Gina called up her own mage sight, letting it overlay the physical reality of Morag’s chamber. A pale shimmer of translucent gold spread over all of Morag’s home, but thickened and shifted into strands of magic where Gina herself had used house witchery skills on her small corner of human habitation where she now sat with Lewis.
He was a blank space in the world of gold, as a mundane would be. Magic didn’t avoid him, but it didn’t flow to him or coil around him as it did for a magic user.
Gina summoned her own magic, letting it coat her right hand and slide off to form a glowing ball of light that she tossed up into the air and, with a thought, allowed to dissipate. It disintegrated in a shower of rose scent.
Lewis turned his head, apparently sensing the rose oil if not the magic. He turned back to Morag without commenting on it. “I used to see magic as golden light. It was diffused through the world, with strands of different thicknesses indicating a purposeful shaping of it or the presence of a powerful magic user. Mostly I saw it as cords in every thickness from silk thread to anchor rope. When I cast spells, those cords wove into new patterns.”
“Power and control,” Morag said. “Useful, if crude. Wasteful, though.”
Gina gathered in her magic. It came with a rush of warmth and comfort. What Morag described was an introduction to the concept of clarity of sight. Gina was haunted by her repeated failure to acquire it.
Morag’s large head swung in her direction. “But human, very human. Magic is part of humans’ shaping of your Earth. It is not to be despised. It is to be valued. It provides many things.”
That was definitely for her, not Lewis.
He’d picked up on it, too, and looked at her.
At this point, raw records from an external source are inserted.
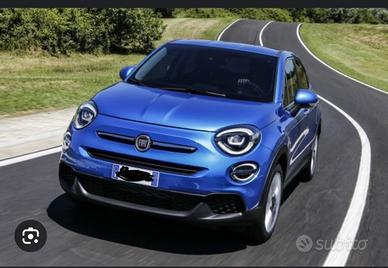 Muso Fiat 500 X 1.0 turbo benzina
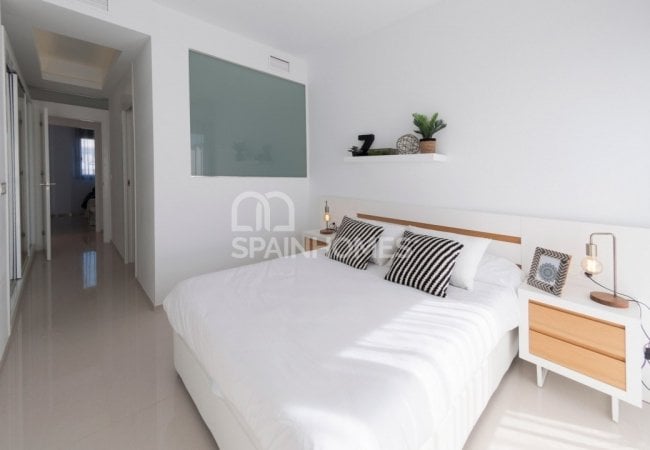 La Zenia Orihuela Costa’da Lüks Daireler 16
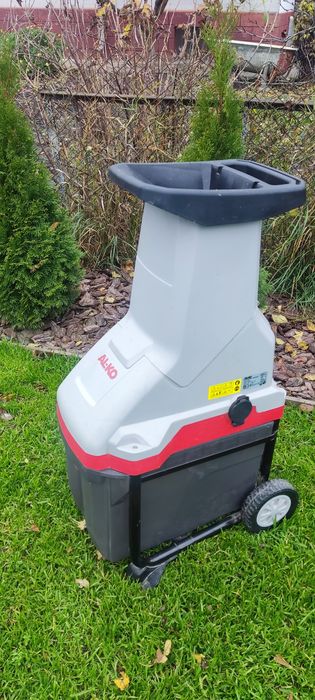 Подрібнювач гілок AL-KO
She tilted her chin. She didn’t want reassurance or pity.
Morag’s head dipped. A faint puff of lemon-yellow smoke drifted from her nostrils. A sigh. “Lewis, human magic is a way of seeing and manipulating possibilities in your world. It is a broad brushstroke. Yes, even your finest silk threads are clumsy beside what clarity of sight shows. But to see the deeper patterns that your mage sight hides, you have to erode it. You called it burn out. In fact, you channeled so much power through your mage sight structures that you burst them. They couldn’t contain it.
“It is not an easy thing to do. It requires discipline and determination to overcome your human instinct to remain linked to your world in a thousand different ways. Each of those ties, though you didn’t realize it, had to be severed. If even one had held, you couldn’t have pushed your magic through to burn out. It would have stopped short, even if it had to render you unconscious to do so.”
Gina touched her face. In her five attempts at attaining clarity of sight, she’d gone unconscious twice, suffered nose bleeds and agony throughout her body.
Lewis had suffered when he eroded his magic to save the people on the stricken cruise ship. But he had pushed through every pain and through the final hurdle she couldn’t overcome.
Morag’s voice was gentle, a nanny telling a bedtime story to a scared five-year-old. “In your determination to save the people on that boat, you sacrificed your own humanity.”
“I’m still me.”
“Yes,” Morag agreed. “Your sacrifice was a natural progression of your years of training and discipline. You have sacrificed much to serve your Collegium. You were never the strongest mage in your training group, not by innate magic. But you became stronger than all of them via the rigor with which you used your magic. None was wasted. You cut away all distractions. You devoted your life to serving the Collegium, to saving the innocent. Only Faith Olwen was a stronger mage within the Collegium, and she left it.”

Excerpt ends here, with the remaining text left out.